Karen Hao in What is Machine Learning[1] defines deep learning as “machine learning on steroids: it uses a technique that gives machines an enhanced ability to find—and amplify—even the smallest patterns. This technique is called a deep neural network—deep because it has many, many layers of simple computational nodes that work together to munch through data and deliver a final result in the form of the prediction.”

SOMs use competitive learning where neurons in a neural network compete. The idea is to feed data into the algorithm and let the SOM reveal patterns. The result is a map where the distance between clusters measures differences.  Classification algorithms help identify outliers and “things you should look at, that you may not even have thought to look at before.” See the topology matrix below.

Source: Leveraging AMI and The Self Organizing Map (SOM), Utility Analytics Institute, May 2019

Power quality characteristics emerge

At Duke, Sanda applied SOM to a poll of AMI meter events triggered by conditions at the meter.  AMI data included min, max, and average voltage and VARs and watts. Transformer KVAs, temperature, latitude and longitude were also part of the analysis. The next question was what to do with anomalies identified by the SOM.

That’s where use cases came in. Sanda had several in mind, but settled on momentary outages, which can be a real problem for customers and utilities. Momentaries lower power quality. Poor power quality can be an issue for equipment.  However, most customers don’t notice when momentaries occur, or if they do, that there is a reason to investigate.

What could be learned by associating the characteristics of anomaly customers with actual momentary outage maps? The team pulled SOM anomalies and overlaid actual outage locations to find characteristics associated with momentaries. Digging deeper, distribution engineers conducted on-site inspections, installed power quality meters, and took corrective action.

Power quality meter data and investigation validated the SOM results. In one instance, the team verified an abnormal voltage drop on a long feeder. In another instance, a loaded neutral on a sewage pump created billing errors. More importantly, if the pump failed due to this condition, there would be an adverse environmental impact. In a third example, a billboard was experiencing large voltage swings. Investigation revealed an undersized secondary[2].

Words to the wise

For analytics practitioners who get to experiment with AI tools, here is what to consider:

Include domain expertise on the team.  According to the team lead, “AI is meaningless without domain knowledge.”  Duke was fortunate to have Sanda’s skills as an engineer and data scientist. Those skills in one person are rare, so be sure that your exploration team includes both.

Make validation a part of the process.  Sometimes the application of analytics delivers results that appear to defy the laws of physics. Utilities run critical infrastructure, so skepticism is healthy. That’s why validation is a necessary step, not just at first the first use of a tool, but on an ongoing basis for subsequent experimentation.
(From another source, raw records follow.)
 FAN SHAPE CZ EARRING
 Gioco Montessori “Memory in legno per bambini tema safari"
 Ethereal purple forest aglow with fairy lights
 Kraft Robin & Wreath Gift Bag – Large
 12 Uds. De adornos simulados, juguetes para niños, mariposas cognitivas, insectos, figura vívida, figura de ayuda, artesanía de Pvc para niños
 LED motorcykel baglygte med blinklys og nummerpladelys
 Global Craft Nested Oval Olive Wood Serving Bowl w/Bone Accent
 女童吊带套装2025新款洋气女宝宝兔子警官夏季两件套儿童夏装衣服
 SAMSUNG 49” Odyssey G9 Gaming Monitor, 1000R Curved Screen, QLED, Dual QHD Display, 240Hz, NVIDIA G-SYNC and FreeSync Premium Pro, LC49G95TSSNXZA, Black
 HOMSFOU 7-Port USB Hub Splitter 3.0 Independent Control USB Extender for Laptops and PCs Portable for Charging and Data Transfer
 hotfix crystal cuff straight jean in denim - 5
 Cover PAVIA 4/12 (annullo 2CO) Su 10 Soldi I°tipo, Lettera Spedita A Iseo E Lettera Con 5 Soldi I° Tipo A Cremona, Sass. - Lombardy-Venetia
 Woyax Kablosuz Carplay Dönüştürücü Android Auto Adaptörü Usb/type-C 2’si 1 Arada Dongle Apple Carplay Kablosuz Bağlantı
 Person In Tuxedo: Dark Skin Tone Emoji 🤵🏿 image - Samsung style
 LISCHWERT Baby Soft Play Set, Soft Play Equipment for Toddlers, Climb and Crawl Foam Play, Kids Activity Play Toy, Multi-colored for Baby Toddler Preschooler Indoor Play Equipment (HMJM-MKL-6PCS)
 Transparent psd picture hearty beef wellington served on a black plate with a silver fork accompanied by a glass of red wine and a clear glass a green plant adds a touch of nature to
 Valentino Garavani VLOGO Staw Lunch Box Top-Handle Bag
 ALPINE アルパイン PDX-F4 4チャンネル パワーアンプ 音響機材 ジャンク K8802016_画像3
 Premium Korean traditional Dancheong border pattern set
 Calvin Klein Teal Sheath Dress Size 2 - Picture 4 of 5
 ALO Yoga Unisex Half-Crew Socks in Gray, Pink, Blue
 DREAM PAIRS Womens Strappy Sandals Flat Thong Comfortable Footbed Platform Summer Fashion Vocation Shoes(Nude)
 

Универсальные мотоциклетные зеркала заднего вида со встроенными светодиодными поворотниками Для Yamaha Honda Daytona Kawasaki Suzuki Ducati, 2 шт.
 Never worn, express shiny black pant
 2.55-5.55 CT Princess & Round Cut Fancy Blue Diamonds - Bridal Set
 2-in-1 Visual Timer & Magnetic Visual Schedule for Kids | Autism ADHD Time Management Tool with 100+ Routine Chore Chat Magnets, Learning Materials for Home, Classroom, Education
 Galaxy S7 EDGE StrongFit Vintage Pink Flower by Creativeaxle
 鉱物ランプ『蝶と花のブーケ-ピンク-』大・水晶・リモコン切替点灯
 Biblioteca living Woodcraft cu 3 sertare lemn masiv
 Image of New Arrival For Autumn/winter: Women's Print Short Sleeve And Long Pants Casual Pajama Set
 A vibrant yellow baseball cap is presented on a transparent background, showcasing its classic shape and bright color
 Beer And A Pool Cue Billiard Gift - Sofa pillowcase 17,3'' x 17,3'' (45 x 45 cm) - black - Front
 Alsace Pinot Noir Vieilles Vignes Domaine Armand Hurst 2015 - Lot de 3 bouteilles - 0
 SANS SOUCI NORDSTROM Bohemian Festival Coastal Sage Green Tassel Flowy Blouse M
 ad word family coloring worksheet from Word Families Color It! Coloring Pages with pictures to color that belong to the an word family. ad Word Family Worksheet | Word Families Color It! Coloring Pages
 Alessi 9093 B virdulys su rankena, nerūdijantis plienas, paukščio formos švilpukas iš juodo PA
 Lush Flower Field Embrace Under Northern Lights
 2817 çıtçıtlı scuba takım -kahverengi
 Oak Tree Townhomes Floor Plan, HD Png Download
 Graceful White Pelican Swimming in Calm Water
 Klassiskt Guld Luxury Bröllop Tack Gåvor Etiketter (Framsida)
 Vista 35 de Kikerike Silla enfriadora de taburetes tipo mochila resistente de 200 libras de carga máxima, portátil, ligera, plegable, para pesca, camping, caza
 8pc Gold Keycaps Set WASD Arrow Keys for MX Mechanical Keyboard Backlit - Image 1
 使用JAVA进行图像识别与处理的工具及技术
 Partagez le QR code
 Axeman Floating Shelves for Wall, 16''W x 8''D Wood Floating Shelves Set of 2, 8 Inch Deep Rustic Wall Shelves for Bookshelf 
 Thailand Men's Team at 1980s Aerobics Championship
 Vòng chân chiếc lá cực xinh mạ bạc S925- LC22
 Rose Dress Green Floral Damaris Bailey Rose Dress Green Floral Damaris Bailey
Re-assess what data is critical.  One of the lessons learned in this exercise was that there is value in collecting granular voltage data from the AMI meters. There are not many instances where AMI meters are set to collect voltage data.  The meters in this sample did.  With more granular data, there is an opportunity to discover what might be missed otherwise.

 

[1] The article also has a great flowchart describing where deep learning fits into machine learning.

[2] Investigators also found that the time clocks on the billboard were off.  Half of the billboard was list at night, the other half during the day.